[[ DATA EXTRACT open ]]

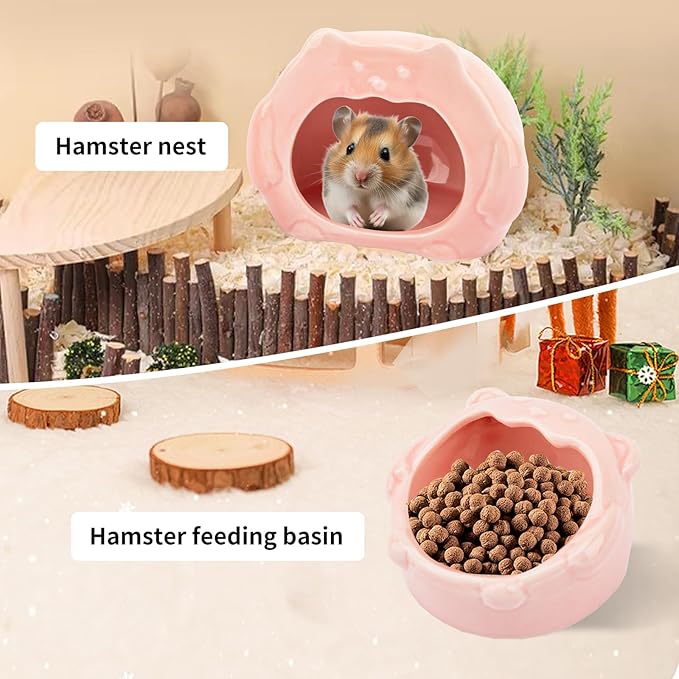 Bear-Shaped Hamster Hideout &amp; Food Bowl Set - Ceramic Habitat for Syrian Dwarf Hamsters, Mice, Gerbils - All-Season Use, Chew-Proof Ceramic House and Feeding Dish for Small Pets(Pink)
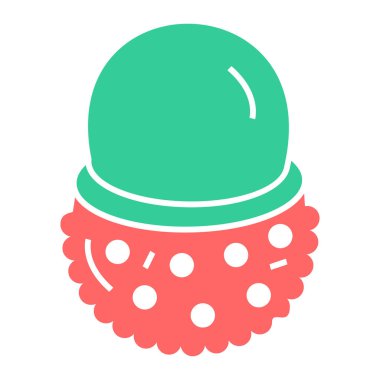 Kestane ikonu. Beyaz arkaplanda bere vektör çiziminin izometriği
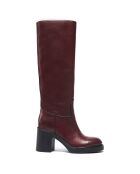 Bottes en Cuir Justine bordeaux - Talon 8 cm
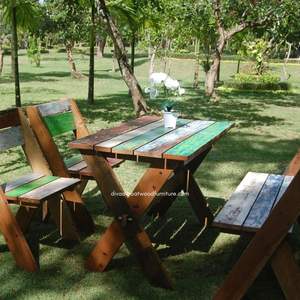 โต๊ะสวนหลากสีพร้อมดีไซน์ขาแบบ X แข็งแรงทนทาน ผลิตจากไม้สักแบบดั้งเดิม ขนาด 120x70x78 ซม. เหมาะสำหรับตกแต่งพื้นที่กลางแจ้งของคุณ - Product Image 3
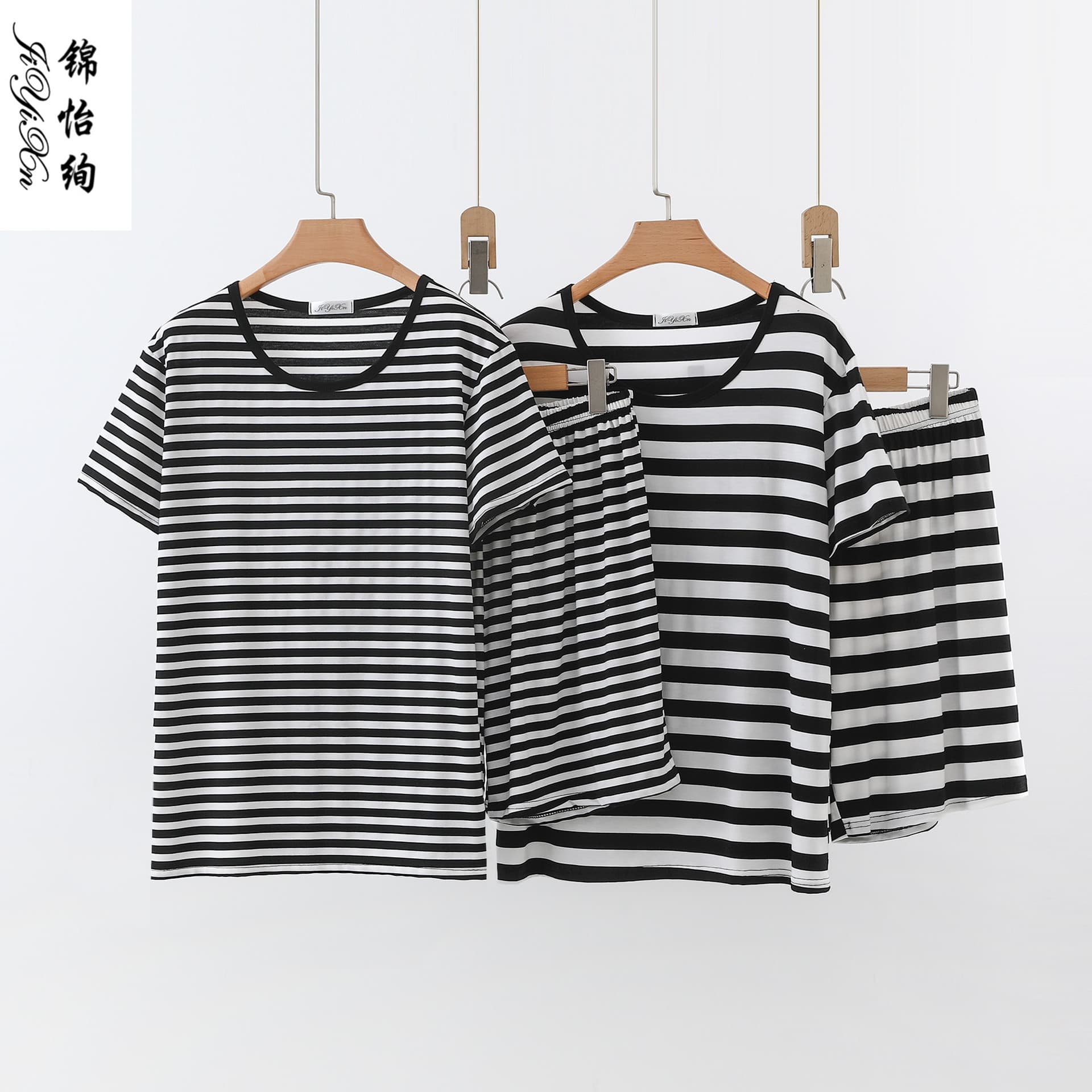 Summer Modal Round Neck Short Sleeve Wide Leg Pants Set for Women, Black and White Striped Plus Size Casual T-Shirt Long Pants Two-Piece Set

[[ DATA EXTRACT closed ]]
[[ DATA EXTRACT open ]]

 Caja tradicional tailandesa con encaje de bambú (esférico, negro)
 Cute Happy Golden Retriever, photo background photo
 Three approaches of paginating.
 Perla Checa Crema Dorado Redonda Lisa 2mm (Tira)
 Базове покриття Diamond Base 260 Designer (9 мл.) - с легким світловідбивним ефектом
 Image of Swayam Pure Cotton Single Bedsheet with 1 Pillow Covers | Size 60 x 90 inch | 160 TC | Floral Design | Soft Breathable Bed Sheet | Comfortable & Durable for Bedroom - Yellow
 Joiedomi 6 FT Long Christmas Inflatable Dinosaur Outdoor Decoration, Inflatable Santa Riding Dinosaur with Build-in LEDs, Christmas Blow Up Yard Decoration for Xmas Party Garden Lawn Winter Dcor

[[ DATA EXTRACT closed ]]
[[ DATA EXTRACT open ]]

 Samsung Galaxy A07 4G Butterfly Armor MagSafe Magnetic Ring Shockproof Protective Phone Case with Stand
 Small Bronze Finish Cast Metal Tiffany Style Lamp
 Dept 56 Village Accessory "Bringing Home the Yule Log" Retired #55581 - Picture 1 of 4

[[ DATA EXTRACT closed ]]

WHAT IS REQUIRED. Copy word for word the lines above, starting at the line containing "Bear-Shaped Hamster Hideout" and ending at the line containing "Summer Modal Round", inclusive, with no pictures.

ANSWER TO THE PROBLEM.
 Bear-Shaped Hamster Hideout &amp; Food Bowl Set - Ceramic Habitat for Syrian Dwarf Hamsters, Mice, Gerbils - All-Season Use, Chew-Proof Ceramic House and Feeding Dish for Small Pets(Pink)
 Kestane ikonu. Beyaz arkaplanda bere vektör çiziminin izometriği
 Bottes en Cuir Justine bordeaux - Talon 8 cm
 โต๊ะสวนหลากสีพร้อมดีไซน์ขาแบบ X แข็งแรงทนทาน ผลิตจากไม้สักแบบดั้งเดิม ขนาด 120x70x78 ซม. เหมาะสำหรับตกแต่งพื้นที่กลางแจ้งของคุณ - Product Image 3
 Summer Modal Round Neck Short Sleeve Wide Leg Pants Set for Women, Black and White Striped Plus Size Casual T-Shirt Long Pants Two-Piece Set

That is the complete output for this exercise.